#### [Record excerpts]

+++

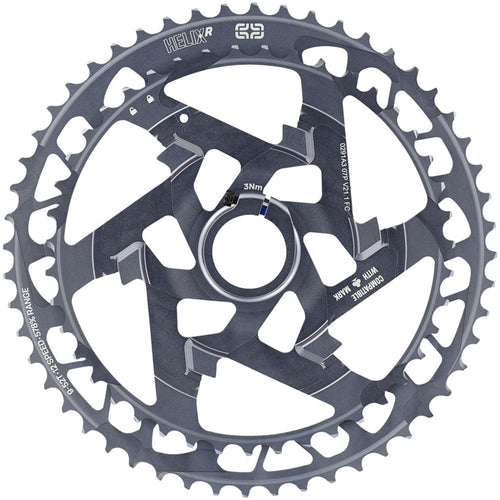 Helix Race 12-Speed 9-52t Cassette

+++

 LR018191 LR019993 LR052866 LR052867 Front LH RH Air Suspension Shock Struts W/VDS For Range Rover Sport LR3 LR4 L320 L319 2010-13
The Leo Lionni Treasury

+++

#### [To do]
For the listing above, print only the lines starting at the line containing "LR018191 LR019993 LR052866" and ending at the line containing "The Leo Lionni Treasury", exactly, both included.

#### [Result]
 LR018191 LR019993 LR052866 LR052867 Front LH RH Air Suspension Shock Struts W/VDS For Range Rover Sport LR3 LR4 L320 L319 2010-13
The Leo Lionni Treasury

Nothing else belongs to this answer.